L'appello non può essere dichiarato improcedibile in caso di mancato deposito della sentenza impugnata

Sergio Matteini Chiari
23 Gennaio 2017

L'improcedibilità dell'appello per mancato deposito di copia della sentenza impugnata non trova applicazione qualora il thema decidendum sia comunque individuabile in termini sufficientemente chiari ed utili.
Massima

L'improcedibilità dell'appello per mancato deposito di copia della sentenza impugnata, neppure presente tra gli atti di causa, non trova applicazione qualora il thema decidendum sia individuabile in termini sufficientemente chiari ed utili ed il giudice dell'impugnazione sia, pertanto, posto in grado di avere piena conoscenza, sia pure con modalità diverse da quelle prescritte, del contenuto della sentenza.

Il caso

A., nella veste di danneggiato da sinistro stradale, conveniva in giudizio, innanzi al Giudice di pace, B., C. e D., nella rispettiva qualità di conducente e proprietario dell'autovettura antagonista e di assicuratore per la r.c.a..

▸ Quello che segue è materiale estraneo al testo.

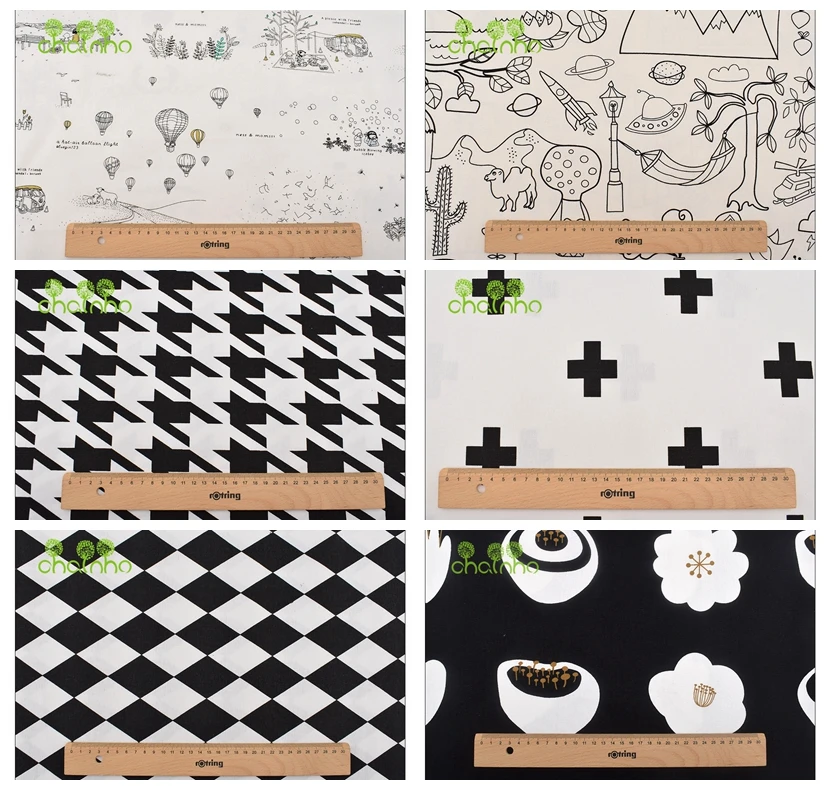 Sewing Geotextile Fabric - Chainho,Printed Cotton Linen Fabric,DIY Quilting Sewing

Nel giudizio interveniva E., in posizione adesiva all'attore A.

Attore ed interveniente chiedevano la condanna dei convenuti in solido al risarcimento dei danni sofferti a seguito del sinistro.

Il Giudice adito respingeva la domanda e condannava attore ed interveniente al pagamento delle spese processuali.

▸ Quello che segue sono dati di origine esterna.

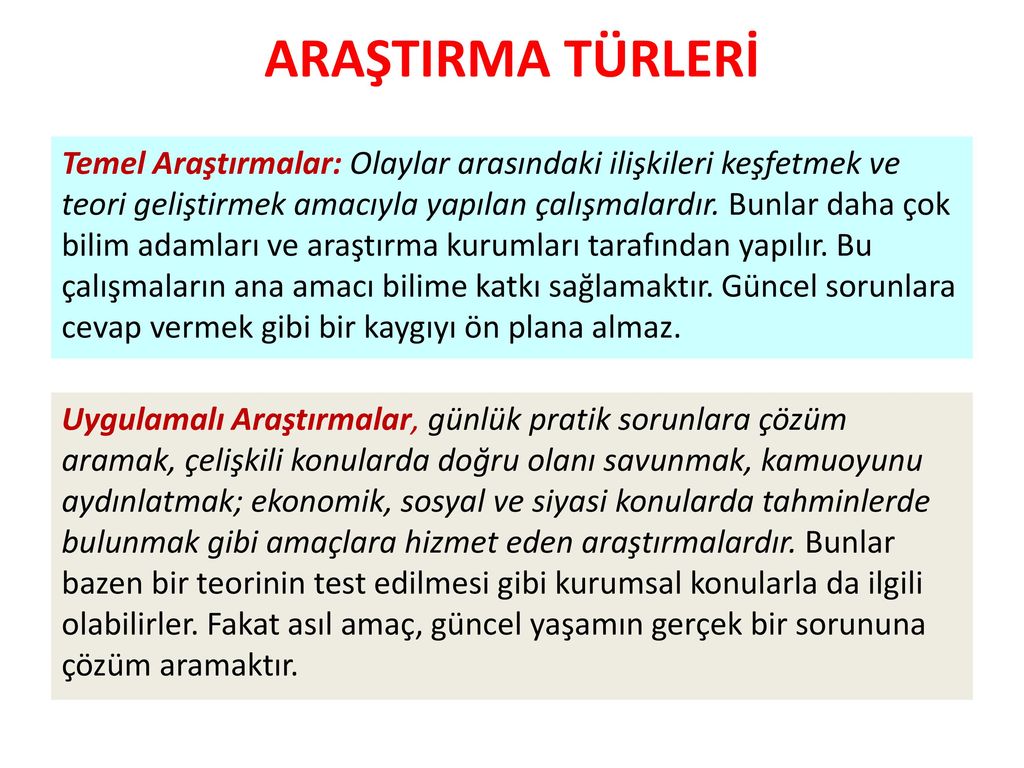 Arastirma Turleri Temel Arastirmalar Olaylar Arasindaki Iliskileri Kesfetmek Ve Teori Gelistirmek Amaciyla Yapilan Calismalardir Bunlar Daha Cok Bilim Ppt Indir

A. ed E. proponevano appello innanzi al Tribunale, chiedendo che, in integrale riforma della sentenza impugnata, fosse accolta la domanda proposta in primo grado e le controparti venissero condannate a rifondere le spese di lite.

Resisteva unicamente l'assicuratore D., mentre gli originari convenuti B. e C. restavano contumaci.

Il giudice del gravame dichiarava improcedibile l'appello per non avere la «parte appellante ... prodotto nel fascicolo di parte di secondo grado, in violazione del disposto di cui all'art. 347, secondo comma, c.p.c., copia della sentenza appellata», così da non consentire «una decisione di merito sul gravame».

A. ed E. proponevano ricorso per cassazione, deducendo ai sensi dell'art. 360, primo comma, n. 3, c.p.c., la violazione e falsa applicazione degli artt. 347, secondo comma, e 348 c.p.c..

La questione

Alla Corte Suprema di Cassazione è stata sottoposta una duplice questione giuridica:

  1. quella di stabilire se fosse stata correttamente sancita l'improcedibilità del gravame, secondo parte ricorrente non comminata quale conseguenza necessaria del mancato inserimento della sentenza impugnata nel fascicolo di parte, essendo il disposto dell'art. 347, secondo comma, c.p.c. mirato unicamente a garantire la possibilità di esame della stessa da parte del giudice di appello, tenuto comunque a pronunciare nel merito qualora nel possesso degli elementi per poterlo fare – condizione verificatasi nel caso di specie, giacché, in forza degli atti di parte (appello e comparsa di risposta dell'assicuratore, nonché documentazione prodotta in giudizio), erano stati posti a disposizione del giudicante tutti gli elementi di cognizione occorrenti.
  2. quella di stabilire se il Tribunale avesse applicato l'art. 347, secondo comma,c.p.c., a fattispecie pertinente, dal momento che copia della sentenza appellata risultava «indicata tra gli atti depositati», con annotazione a penna, sicché lo stesso giudice avrebbe dovuto considerare come avvenuto il deposito della sentenza di primo grado e, in ragione del suo smarrimento «in data successiva», invitare gli appellanti alla produzione di ulteriore copia.

Le soluzioni giuridiche

La Suprema Corte ha accolto il primo motivo del ricorso, con motivazione assorbente il secondo.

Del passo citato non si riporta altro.